L'affaire Mansour a été portée devant l'Association canadienne de football, puis devant la Fifa, qui a décidé de maintenir l'interdiction en exemptant les couvre-chefs qui exposent le cou. Malgré le fait qu'il n'y avait aucune donnée empirique qu'un hijab pouvait étrangler un joueur ou blesser un adversaire, le règlement sur l'équipement a conclu qu'il était dangereux. C'est sur cette base que l'arbitre a expulsé Mansour.
Le résultat est que Mansour n'a pas joué. Tout comme des milliers de filles et de femmes pendant les sept années qui ont suivi.
Au départ, la Fifa avait invoqué le "symbolisme religieux" pour justifier l'interdiction du port du couvre-chef. Mais cela s'est avéré trop difficile à appliquer compte tenu de la multitude de tatouages, de signes de croix et de célébrations de buts par des footballeurs masculins de premier plan qu'il aurait fallu surveiller et faire respecter. Elle s'en est donc tenue à des arguments de "santé” et de “sécurité".

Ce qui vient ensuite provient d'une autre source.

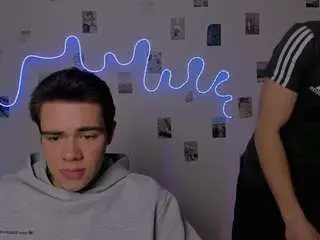 Camsoda Adult Webcams of ryan-zen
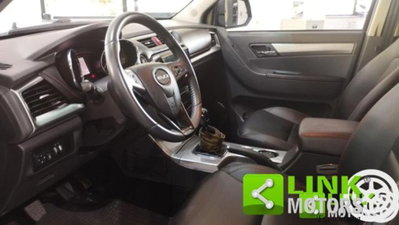 Evo Evo Cross 4 2.0 turbo diesel 136cv (7)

Lors d'un match de qualification olympique contre la Jordanie en 2011, l'équipe féminine d'Iran a été interdite de jeu à cause de ses couvre-chefs. Elles portaient des foulards qui étaient censés répondre aux normes de la Fifa. Le cœur brisé et frustrées, les femmes ont quitté le terrain. Leurs rêves de football olympique ont été réduits à néant. Les photos des joueuses en sanglots ont été placardées dans les médias. Il ne s'agit pas d'un cas de femmes musulmanes opprimées par leur foi, mais d'un cas grave de femmes exclues par des règles draconiennes, créées par des hommes, imprégnées d'islamophobie sexiste et d'ignorance.
Mais les amoureux du ballon rond ont continue de rêver à un football pour tous…et toutes. Des supporters sont arrivés, dont Moya Dodd, de la Confédération asiatique de football, Assmaah Helal, joueuse et militante, et le prince Ali bin al-Hussein de Jordanie, alors vice-président de la Fifa et directeur de l'Association jordanienne de football. Ils ont mené des campagnes et se sont associés à Right 2 Wear, aux Nations unies et à Fifpro pour faire pression sur la Fifa afin qu'elle approuve ce morceau de tissu qu'on ne saurait voir.

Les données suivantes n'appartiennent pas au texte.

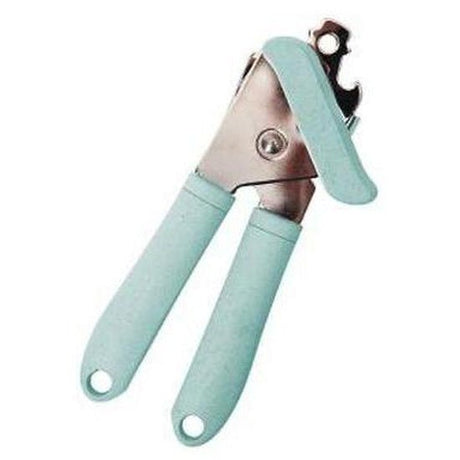 Wheatfibre Can Opener Blue (6) - Cafe Supply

Les femmes sont venues à la rescousse en proposant des modèles et des solutions pratiques aux problèmes créés par les hommes, problèmes qui empêchaient des milliers de personnes de pratiquer le sport qu'elles aiment.
Des entreprises telles que Capsters et ResportOn ont conçu des bonnets de sport en tenant compte des recommandations de sécurité de l'International Football Association Board, l'organe de décision des lois du jeu.
Le 1er mars 2014, après de nombreuses discussions, essais et clarifications, Jérôme Valcke, alors secrétaire général de la Fifa, a annoncé que les couvre-chefs religieux (y compris les hijabs, les turbans pour les hommes sikhs et les kippas pour les hommes juifs) seraient autorisés sur le terrain. Il était entendu que ces couvre-chefs seraient conformes aux règles médicales de l'Ifab.
En octobre 2016, moins de deux ans après l'annulation de l'interdiction du foulard dit islamique, la Coupe du monde féminine des moins de 17 ans s'est tenue à Amman, en Jordanie. C'était la première fois que le foulard était autorisé lors d'un grand tournoi de la Fifa.
Ce fut un moment important - et pourtant largement ignoré - dans le football. Le football est pour nous tous. Parfois, il suffit de femmes pour le prouver.